Activity
Between the line containing "Popsicle Stick Mega" and the line containing "Wind and Willow Cold Dip Mixes" lies a run of lines; give that run again exactly, with both of those lines, and nothing else from the entries below.

The data
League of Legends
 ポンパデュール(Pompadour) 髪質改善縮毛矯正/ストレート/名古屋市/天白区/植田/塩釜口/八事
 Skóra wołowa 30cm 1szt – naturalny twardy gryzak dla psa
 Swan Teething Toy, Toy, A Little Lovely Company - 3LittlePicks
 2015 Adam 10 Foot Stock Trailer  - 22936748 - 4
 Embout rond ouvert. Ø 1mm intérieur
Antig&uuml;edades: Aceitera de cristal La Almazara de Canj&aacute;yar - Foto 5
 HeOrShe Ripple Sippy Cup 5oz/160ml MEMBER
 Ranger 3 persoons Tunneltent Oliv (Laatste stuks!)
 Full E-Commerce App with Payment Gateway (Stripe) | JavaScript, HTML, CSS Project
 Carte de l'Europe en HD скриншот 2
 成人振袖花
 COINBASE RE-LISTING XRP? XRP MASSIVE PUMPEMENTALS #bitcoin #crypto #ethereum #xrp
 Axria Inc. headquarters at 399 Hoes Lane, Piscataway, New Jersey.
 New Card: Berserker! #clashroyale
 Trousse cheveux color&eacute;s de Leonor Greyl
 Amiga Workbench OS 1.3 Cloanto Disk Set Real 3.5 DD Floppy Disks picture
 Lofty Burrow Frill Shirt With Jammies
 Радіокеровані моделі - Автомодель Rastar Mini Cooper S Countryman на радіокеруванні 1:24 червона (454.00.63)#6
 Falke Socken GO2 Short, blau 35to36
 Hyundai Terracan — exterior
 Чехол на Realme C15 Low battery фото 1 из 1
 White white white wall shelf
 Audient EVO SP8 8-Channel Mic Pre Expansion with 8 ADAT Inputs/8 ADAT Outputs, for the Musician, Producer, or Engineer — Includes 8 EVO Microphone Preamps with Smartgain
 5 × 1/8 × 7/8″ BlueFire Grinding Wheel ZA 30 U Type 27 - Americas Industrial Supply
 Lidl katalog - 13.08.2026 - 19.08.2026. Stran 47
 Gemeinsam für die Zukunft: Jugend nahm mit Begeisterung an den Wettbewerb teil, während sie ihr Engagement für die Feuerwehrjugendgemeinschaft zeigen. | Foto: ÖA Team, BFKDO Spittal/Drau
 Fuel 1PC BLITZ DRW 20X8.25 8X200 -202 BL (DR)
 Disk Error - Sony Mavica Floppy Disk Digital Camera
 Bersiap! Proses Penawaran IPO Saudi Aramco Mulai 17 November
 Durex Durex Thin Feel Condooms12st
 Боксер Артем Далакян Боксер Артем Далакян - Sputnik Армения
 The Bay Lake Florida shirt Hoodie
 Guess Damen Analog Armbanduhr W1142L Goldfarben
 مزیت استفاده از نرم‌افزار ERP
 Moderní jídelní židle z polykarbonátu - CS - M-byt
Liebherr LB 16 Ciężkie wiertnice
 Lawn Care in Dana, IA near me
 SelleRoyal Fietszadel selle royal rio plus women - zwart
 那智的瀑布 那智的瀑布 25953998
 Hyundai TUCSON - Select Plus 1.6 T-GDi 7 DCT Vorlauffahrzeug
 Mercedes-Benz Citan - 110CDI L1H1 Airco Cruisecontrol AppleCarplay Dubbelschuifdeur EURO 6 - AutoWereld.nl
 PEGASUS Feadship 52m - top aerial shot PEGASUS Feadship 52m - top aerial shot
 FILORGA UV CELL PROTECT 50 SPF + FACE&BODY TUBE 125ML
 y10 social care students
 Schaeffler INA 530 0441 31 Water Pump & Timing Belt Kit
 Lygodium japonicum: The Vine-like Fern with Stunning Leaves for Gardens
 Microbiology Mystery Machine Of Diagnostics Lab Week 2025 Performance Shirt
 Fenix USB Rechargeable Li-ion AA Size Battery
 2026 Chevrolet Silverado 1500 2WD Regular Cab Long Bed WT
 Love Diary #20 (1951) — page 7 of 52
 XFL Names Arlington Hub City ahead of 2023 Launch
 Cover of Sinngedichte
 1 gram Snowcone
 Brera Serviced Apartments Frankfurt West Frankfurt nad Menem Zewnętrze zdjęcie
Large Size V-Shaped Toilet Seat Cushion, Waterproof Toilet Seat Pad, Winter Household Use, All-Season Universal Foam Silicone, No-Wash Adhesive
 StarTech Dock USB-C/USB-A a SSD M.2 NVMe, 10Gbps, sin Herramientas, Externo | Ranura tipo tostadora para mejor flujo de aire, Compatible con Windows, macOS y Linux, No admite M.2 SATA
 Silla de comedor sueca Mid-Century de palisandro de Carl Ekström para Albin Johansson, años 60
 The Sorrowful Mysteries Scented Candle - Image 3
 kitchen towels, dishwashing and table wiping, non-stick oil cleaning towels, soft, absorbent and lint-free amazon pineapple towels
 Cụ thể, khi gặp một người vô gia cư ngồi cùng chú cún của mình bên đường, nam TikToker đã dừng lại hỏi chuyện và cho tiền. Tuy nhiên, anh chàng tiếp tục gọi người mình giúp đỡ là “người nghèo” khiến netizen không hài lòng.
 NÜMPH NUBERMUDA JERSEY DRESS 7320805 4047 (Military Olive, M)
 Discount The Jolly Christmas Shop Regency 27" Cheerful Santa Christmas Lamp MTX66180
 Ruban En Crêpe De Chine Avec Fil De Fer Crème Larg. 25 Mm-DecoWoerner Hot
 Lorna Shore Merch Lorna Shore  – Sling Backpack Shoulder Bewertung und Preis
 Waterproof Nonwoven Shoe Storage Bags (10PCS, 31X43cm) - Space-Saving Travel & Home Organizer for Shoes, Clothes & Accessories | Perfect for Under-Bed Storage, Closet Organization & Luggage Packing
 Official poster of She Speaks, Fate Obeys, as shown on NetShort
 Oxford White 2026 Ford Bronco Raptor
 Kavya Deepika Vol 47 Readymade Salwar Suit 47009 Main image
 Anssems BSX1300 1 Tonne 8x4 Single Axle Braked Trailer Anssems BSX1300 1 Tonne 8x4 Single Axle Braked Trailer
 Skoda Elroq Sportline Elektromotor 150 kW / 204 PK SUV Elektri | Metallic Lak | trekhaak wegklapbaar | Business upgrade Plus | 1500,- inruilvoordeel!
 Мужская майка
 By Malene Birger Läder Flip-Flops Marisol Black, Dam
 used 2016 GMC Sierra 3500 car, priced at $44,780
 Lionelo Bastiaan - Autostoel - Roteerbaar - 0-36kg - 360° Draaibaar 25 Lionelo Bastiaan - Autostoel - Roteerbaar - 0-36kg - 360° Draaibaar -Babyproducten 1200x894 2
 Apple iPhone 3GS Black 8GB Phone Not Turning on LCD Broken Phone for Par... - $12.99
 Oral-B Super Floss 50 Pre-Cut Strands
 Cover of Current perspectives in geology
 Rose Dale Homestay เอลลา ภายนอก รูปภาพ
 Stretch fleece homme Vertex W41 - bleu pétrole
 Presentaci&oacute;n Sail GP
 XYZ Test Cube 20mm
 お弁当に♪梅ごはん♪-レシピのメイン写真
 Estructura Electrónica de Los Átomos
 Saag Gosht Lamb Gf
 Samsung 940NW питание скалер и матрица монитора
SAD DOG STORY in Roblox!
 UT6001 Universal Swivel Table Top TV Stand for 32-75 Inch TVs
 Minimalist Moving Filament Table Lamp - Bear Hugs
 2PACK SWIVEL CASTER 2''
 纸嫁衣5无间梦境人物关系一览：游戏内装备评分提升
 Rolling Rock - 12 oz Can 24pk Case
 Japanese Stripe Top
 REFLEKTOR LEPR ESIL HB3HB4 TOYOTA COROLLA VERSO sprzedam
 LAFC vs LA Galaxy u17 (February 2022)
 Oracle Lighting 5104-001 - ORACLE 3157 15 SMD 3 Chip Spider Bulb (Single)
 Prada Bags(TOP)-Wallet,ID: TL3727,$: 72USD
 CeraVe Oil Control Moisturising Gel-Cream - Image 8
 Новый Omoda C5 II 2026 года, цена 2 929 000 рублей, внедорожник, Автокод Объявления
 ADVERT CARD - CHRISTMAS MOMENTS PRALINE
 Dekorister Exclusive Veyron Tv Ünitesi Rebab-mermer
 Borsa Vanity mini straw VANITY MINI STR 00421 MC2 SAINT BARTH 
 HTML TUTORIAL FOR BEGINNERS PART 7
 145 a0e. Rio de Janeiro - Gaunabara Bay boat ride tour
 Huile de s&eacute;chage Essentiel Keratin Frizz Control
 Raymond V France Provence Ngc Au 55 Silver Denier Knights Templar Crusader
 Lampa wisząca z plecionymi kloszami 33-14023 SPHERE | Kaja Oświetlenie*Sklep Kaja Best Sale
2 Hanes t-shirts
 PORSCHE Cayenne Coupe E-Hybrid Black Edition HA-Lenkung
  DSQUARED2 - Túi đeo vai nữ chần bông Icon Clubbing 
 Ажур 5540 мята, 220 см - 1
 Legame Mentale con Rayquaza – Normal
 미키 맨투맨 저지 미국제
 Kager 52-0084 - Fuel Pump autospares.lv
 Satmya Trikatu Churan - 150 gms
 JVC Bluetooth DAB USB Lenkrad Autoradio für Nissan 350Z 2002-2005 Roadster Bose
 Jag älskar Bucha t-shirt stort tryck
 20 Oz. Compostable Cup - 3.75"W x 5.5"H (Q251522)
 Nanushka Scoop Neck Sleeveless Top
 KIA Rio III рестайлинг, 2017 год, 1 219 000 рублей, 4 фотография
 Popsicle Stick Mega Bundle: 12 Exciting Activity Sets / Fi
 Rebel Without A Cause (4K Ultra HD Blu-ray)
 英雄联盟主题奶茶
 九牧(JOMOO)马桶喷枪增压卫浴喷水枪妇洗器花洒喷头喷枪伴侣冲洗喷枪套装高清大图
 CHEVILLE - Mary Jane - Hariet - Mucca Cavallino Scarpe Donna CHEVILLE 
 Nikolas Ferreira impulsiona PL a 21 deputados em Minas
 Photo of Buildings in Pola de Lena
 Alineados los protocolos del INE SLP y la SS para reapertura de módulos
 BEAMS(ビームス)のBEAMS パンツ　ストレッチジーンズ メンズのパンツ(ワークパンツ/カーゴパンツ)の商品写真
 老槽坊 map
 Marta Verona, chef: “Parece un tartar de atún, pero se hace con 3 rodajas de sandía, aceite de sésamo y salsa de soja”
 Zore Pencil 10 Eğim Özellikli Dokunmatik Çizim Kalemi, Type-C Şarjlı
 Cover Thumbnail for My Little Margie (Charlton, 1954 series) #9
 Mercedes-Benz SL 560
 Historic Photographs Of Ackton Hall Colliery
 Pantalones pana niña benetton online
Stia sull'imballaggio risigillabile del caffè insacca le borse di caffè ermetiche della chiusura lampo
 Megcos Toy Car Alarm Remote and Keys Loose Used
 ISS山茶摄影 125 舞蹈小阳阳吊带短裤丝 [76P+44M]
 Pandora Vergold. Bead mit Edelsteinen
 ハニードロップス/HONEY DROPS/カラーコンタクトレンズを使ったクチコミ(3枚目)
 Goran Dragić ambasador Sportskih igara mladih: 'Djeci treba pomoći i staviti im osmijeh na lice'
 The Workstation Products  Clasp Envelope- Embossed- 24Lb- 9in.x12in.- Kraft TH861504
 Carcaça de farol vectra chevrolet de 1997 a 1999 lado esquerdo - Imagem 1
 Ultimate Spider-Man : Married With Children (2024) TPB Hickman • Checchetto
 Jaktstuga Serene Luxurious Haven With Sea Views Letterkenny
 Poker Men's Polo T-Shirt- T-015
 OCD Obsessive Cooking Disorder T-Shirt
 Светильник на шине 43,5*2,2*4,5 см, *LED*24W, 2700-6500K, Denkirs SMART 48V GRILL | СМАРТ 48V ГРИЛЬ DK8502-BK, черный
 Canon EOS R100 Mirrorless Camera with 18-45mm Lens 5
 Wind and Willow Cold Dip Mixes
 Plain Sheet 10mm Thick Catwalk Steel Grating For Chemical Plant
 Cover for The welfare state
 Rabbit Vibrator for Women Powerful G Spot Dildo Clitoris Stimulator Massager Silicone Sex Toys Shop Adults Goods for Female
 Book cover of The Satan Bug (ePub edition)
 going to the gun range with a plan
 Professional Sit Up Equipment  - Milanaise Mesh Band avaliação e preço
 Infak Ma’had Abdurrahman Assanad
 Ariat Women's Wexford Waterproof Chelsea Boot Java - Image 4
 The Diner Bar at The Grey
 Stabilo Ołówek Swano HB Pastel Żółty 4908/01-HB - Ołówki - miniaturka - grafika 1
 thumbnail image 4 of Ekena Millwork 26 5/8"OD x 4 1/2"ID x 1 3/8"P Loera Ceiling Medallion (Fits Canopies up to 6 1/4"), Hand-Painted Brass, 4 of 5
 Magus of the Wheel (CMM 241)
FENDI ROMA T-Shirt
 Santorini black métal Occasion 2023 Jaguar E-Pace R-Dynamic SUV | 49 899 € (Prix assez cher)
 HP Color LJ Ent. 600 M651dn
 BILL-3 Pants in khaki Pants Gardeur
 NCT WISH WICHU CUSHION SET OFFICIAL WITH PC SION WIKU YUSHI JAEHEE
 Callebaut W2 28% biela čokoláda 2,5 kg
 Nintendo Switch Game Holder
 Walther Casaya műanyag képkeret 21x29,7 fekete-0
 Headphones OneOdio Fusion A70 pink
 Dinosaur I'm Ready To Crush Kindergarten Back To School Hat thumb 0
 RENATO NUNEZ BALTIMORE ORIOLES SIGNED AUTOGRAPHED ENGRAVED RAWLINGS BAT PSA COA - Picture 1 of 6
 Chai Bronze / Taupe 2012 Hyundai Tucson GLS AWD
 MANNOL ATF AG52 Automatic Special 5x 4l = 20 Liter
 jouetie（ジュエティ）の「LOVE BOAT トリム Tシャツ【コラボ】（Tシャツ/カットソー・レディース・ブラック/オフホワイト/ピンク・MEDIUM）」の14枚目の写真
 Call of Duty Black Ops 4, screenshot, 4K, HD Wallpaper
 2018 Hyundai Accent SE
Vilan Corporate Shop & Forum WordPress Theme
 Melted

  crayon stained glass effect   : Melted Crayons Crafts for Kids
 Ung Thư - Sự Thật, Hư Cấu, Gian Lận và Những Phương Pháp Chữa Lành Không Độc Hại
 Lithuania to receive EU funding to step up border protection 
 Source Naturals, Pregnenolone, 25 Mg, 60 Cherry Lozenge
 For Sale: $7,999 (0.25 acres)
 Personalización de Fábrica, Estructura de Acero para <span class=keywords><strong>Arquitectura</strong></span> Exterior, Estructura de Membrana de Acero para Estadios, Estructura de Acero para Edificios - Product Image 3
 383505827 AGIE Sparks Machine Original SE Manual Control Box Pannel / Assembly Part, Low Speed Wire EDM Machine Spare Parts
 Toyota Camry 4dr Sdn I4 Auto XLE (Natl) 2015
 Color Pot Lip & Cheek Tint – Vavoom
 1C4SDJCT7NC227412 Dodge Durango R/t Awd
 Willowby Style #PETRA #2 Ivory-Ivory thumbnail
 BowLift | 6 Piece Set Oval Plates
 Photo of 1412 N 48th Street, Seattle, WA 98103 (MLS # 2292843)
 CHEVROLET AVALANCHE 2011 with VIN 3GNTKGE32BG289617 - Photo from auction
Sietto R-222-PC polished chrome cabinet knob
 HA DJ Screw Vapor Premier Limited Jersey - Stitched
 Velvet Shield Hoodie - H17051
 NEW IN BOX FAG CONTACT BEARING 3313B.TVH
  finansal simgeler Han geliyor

Solution for this problem
 Popsicle Stick Mega Bundle: 12 Exciting Activity Sets / Fi
 Rebel Without A Cause (4K Ultra HD Blu-ray)
 英雄联盟主题奶茶
 九牧(JOMOO)马桶喷枪增压卫浴喷水枪妇洗器花洒喷头喷枪伴侣冲洗喷枪套装高清大图
 CHEVILLE - Mary Jane - Hariet - Mucca Cavallino Scarpe Donna CHEVILLE 
 Nikolas Ferreira impulsiona PL a 21 deputados em Minas
 Photo of Buildings in Pola de Lena
 Alineados los protocolos del INE SLP y la SS para reapertura de módulos
 BEAMS(ビームス)のBEAMS パンツ　ストレッチジーンズ メンズのパンツ(ワークパンツ/カーゴパンツ)の商品写真
 老槽坊 map
 Marta Verona, chef: “Parece un tartar de atún, pero se hace con 3 rodajas de sandía, aceite de sésamo y salsa de soja”
 Zore Pencil 10 Eğim Özellikli Dokunmatik Çizim Kalemi, Type-C Şarjlı
 Cover Thumbnail for My Little Margie (Charlton, 1954 series) #9
 Mercedes-Benz SL 560
 Historic Photographs Of Ackton Hall Colliery
 Pantalones pana niña benetton online
Stia sull'imballaggio risigillabile del caffè insacca le borse di caffè ermetiche della chiusura lampo
 Megcos Toy Car Alarm Remote and Keys Loose Used
 ISS山茶摄影 125 舞蹈小阳阳吊带短裤丝 [76P+44M]
 Pandora Vergold. Bead mit Edelsteinen
 ハニードロップス/HONEY DROPS/カラーコンタクトレンズを使ったクチコミ(3枚目)
 Goran Dragić ambasador Sportskih igara mladih: 'Djeci treba pomoći i staviti im osmijeh na lice'
 The Workstation Products  Clasp Envelope- Embossed- 24Lb- 9in.x12in.- Kraft TH861504
 Carcaça de farol vectra chevrolet de 1997 a 1999 lado esquerdo - Imagem 1
 Ultimate Spider-Man : Married With Children (2024) TPB Hickman • Checchetto
 Jaktstuga Serene Luxurious Haven With Sea Views Letterkenny
 Poker Men's Polo T-Shirt- T-015
 OCD Obsessive Cooking Disorder T-Shirt
 Светильник на шине 43,5*2,2*4,5 см, *LED*24W, 2700-6500K, Denkirs SMART 48V GRILL | СМАРТ 48V ГРИЛЬ DK8502-BK, черный
 Canon EOS R100 Mirrorless Camera with 18-45mm Lens 5
 Wind and Willow Cold Dip Mixes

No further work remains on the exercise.